● Assigned task
From the entries below, return exactly the lines beginning at the one that contains "Champion Beanie Cap" and ending at the one that contains "Toyota Verso S", both of them included, and only those lines.

● Supplied records

■ ■ ■ ■ ■

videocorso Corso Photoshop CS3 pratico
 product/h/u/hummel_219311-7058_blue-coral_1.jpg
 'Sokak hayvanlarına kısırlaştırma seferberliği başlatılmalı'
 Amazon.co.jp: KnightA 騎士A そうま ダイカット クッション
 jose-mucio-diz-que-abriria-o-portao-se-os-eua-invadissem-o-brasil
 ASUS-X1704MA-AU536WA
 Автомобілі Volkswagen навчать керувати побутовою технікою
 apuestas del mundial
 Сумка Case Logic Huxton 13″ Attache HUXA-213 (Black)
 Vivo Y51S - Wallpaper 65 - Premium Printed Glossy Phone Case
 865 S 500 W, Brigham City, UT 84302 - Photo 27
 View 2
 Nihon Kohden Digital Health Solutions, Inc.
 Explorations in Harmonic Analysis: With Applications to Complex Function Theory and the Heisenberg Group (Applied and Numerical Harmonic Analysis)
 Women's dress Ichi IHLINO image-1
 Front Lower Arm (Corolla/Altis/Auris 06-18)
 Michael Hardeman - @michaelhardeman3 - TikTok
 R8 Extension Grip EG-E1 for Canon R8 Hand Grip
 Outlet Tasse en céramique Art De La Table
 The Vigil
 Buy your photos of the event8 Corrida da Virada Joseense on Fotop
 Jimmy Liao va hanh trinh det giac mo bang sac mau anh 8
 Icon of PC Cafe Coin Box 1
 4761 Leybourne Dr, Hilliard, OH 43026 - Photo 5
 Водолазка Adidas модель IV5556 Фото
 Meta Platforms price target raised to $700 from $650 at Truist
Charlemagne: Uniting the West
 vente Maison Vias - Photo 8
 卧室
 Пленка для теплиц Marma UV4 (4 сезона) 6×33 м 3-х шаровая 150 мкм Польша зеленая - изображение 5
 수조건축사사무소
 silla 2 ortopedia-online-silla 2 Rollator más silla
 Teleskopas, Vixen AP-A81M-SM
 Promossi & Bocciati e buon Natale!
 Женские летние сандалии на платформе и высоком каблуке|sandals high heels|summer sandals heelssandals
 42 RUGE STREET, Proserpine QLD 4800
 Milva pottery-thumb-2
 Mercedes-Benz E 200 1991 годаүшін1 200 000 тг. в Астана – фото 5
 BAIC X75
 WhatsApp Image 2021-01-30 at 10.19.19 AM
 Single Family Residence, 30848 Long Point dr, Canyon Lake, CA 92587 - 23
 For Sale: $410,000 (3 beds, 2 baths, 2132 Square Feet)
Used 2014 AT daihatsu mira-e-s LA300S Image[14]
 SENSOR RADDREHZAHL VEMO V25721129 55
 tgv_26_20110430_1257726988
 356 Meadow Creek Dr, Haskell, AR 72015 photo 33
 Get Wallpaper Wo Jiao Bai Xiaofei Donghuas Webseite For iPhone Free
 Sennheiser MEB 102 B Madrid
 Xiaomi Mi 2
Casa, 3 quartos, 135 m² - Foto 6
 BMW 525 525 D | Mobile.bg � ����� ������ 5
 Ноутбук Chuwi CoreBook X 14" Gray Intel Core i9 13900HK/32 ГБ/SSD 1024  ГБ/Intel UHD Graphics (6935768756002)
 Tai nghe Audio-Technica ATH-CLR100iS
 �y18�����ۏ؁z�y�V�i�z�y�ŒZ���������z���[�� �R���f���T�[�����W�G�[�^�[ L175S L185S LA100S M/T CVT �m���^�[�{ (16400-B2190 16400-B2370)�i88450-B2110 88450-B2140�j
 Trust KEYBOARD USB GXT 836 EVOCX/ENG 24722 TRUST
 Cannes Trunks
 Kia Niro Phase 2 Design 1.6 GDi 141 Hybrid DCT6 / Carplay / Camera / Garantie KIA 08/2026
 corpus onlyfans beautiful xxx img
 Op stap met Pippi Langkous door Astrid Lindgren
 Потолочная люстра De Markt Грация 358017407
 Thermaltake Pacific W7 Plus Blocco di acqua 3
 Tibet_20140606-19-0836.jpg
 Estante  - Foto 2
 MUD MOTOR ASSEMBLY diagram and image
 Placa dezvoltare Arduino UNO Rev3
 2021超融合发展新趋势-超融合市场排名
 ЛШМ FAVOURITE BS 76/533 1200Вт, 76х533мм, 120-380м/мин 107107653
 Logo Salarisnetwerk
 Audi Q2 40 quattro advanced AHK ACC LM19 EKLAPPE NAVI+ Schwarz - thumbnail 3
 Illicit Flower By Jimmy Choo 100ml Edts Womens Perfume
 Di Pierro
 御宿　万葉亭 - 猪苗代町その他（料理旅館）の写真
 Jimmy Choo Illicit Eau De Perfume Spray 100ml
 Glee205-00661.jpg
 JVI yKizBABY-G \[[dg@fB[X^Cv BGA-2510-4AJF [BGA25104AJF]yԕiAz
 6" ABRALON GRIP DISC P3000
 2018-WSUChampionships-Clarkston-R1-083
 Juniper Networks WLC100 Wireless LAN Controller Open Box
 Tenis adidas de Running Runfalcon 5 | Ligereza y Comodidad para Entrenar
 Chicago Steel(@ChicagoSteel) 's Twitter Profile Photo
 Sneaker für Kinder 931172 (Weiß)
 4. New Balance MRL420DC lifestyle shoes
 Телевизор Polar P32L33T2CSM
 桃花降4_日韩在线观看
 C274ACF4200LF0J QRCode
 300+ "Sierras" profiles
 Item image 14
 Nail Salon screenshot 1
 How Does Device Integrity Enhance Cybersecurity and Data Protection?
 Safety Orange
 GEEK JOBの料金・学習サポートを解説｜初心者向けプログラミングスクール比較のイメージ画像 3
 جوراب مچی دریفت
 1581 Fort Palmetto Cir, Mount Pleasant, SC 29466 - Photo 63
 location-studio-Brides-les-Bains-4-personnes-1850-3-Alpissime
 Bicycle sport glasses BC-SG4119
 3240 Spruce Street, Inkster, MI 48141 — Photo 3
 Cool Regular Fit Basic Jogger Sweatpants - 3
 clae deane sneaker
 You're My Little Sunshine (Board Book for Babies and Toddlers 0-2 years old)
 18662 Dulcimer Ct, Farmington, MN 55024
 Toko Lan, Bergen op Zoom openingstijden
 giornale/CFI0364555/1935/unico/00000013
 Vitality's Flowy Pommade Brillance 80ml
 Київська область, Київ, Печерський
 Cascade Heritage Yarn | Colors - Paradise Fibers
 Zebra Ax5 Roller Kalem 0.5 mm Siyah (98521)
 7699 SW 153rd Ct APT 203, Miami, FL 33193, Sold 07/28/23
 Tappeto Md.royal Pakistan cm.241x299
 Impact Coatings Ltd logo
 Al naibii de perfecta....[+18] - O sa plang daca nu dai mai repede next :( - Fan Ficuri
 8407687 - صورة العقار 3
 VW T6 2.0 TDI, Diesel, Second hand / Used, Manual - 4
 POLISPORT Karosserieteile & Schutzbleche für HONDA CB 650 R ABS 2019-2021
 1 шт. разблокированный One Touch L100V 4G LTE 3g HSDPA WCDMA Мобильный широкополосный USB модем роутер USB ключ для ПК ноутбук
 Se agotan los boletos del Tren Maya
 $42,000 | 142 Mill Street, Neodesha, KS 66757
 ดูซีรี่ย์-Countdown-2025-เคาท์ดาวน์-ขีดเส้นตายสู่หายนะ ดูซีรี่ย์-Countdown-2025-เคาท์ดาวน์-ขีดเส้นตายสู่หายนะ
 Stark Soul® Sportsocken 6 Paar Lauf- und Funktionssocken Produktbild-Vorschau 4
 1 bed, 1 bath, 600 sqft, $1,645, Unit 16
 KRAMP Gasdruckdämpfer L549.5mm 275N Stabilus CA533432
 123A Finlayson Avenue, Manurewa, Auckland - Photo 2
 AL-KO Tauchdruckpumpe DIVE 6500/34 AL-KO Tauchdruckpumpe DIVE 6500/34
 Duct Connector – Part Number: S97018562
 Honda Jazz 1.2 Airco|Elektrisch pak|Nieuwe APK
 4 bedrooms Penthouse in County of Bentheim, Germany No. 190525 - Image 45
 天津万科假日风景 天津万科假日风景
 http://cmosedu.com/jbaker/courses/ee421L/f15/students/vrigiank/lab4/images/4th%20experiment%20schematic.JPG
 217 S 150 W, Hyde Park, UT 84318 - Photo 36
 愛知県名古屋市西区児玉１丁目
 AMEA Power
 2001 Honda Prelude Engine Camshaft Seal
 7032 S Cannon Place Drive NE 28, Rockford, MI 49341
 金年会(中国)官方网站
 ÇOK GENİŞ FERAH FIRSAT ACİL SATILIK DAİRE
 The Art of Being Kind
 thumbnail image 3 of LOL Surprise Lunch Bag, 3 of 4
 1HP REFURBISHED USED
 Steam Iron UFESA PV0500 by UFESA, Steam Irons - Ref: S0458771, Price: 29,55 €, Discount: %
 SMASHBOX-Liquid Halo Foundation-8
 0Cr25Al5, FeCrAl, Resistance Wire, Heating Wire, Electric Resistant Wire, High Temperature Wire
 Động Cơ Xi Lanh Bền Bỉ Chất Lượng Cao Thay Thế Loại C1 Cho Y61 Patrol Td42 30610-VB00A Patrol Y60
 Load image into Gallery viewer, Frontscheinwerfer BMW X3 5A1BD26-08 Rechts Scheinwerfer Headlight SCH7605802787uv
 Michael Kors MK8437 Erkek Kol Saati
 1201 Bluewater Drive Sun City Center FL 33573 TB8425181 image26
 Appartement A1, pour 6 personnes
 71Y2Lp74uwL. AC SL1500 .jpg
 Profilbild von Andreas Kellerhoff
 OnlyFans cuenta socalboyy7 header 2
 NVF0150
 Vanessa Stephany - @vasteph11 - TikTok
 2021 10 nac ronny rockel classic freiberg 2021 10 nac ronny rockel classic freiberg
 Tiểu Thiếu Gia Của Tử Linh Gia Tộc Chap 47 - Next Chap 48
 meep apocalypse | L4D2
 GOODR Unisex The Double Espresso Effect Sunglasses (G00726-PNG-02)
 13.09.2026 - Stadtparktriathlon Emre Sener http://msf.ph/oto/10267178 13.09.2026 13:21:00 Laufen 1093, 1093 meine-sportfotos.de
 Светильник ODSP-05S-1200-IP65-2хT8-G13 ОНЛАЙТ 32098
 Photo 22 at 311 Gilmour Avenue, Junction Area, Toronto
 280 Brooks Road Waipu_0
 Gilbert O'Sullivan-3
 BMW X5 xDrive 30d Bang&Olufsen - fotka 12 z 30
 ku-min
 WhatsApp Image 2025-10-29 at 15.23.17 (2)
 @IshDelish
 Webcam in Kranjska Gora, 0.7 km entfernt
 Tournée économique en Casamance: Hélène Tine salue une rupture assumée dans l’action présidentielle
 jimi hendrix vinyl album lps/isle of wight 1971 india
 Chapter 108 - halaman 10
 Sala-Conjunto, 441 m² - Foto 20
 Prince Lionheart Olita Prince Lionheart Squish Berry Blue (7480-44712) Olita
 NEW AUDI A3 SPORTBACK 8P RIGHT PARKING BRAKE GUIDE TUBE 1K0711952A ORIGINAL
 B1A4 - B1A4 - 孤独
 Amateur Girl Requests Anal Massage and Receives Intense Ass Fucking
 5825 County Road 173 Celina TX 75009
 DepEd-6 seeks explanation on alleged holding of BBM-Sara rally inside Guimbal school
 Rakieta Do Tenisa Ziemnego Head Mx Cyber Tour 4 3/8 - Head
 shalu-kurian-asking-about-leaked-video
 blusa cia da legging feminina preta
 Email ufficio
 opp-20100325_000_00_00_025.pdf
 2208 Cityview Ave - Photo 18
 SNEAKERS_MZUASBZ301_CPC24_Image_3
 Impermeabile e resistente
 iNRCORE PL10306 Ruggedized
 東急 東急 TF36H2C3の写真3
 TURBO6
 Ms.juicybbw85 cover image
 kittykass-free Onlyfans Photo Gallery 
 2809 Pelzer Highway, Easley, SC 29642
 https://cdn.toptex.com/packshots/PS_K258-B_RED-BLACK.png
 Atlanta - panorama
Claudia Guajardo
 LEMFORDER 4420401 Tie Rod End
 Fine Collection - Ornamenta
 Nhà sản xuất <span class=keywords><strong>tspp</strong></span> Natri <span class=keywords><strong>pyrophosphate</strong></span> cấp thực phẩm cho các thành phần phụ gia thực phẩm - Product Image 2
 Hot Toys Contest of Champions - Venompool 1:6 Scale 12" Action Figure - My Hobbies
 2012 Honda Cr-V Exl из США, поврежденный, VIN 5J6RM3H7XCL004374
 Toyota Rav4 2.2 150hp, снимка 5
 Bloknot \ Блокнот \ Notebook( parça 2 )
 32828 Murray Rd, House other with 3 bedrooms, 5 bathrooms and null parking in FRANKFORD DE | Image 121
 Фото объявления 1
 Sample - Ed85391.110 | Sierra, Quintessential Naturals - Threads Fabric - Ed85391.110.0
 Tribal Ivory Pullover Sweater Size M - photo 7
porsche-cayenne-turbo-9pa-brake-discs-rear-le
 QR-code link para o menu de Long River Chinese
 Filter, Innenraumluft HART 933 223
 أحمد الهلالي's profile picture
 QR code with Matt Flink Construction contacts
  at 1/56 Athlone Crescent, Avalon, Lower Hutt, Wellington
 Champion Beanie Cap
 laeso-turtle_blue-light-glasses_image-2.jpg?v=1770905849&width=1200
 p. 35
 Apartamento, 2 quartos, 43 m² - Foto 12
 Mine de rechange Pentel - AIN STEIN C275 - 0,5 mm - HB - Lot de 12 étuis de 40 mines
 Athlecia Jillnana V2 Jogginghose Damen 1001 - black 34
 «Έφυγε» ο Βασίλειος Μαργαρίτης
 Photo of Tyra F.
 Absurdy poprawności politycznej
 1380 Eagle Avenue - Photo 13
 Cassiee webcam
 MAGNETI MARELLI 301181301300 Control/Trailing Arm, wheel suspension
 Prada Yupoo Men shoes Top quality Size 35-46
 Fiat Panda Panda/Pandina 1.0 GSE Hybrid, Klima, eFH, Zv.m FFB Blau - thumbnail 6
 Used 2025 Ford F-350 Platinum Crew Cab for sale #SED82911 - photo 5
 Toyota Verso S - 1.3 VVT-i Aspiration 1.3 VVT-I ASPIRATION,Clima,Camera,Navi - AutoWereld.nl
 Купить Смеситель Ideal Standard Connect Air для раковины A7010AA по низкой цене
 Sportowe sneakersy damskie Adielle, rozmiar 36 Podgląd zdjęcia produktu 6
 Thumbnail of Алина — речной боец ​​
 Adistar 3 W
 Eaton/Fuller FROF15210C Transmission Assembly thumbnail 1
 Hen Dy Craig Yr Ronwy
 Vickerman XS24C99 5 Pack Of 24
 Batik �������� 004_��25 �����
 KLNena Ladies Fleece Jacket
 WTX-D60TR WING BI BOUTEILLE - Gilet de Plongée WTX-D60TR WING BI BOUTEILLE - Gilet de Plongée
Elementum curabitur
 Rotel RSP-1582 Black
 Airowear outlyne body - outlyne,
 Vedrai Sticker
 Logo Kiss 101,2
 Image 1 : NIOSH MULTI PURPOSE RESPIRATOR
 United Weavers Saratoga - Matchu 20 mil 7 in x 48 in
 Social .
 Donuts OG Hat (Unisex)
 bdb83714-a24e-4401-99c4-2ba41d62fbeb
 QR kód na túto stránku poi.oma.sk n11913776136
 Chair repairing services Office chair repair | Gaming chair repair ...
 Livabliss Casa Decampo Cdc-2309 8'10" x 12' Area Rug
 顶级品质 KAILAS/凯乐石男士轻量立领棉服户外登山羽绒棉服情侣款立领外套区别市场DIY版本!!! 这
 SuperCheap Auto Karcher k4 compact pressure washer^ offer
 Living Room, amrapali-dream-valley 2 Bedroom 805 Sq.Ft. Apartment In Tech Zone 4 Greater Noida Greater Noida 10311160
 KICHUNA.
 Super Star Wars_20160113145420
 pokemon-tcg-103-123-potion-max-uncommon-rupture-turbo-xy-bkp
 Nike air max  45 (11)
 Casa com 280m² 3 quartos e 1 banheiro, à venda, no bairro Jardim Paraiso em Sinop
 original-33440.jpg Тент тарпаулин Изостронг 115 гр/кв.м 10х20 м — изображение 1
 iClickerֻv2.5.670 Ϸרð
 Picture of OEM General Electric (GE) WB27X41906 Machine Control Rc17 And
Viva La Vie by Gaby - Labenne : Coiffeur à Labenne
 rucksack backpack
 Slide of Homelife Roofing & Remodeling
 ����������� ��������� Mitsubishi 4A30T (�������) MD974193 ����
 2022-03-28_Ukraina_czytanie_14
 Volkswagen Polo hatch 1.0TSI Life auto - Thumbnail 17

■ ■ ■ ■ ■

● Reply
 Champion Beanie Cap
 laeso-turtle_blue-light-glasses_image-2.jpg?v=1770905849&width=1200
 p. 35
 Apartamento, 2 quartos, 43 m² - Foto 12
 Mine de rechange Pentel - AIN STEIN C275 - 0,5 mm - HB - Lot de 12 étuis de 40 mines
 Athlecia Jillnana V2 Jogginghose Damen 1001 - black 34
 «Έφυγε» ο Βασίλειος Μαργαρίτης
 Photo of Tyra F.
 Absurdy poprawności politycznej
 1380 Eagle Avenue - Photo 13
 Cassiee webcam
 MAGNETI MARELLI 301181301300 Control/Trailing Arm, wheel suspension
 Prada Yupoo Men shoes Top quality Size 35-46
 Fiat Panda Panda/Pandina 1.0 GSE Hybrid, Klima, eFH, Zv.m FFB Blau - thumbnail 6
 Used 2025 Ford F-350 Platinum Crew Cab for sale #SED82911 - photo 5
 Toyota Verso S - 1.3 VVT-i Aspiration 1.3 VVT-I ASPIRATION,Clima,Camera,Navi - AutoWereld.nl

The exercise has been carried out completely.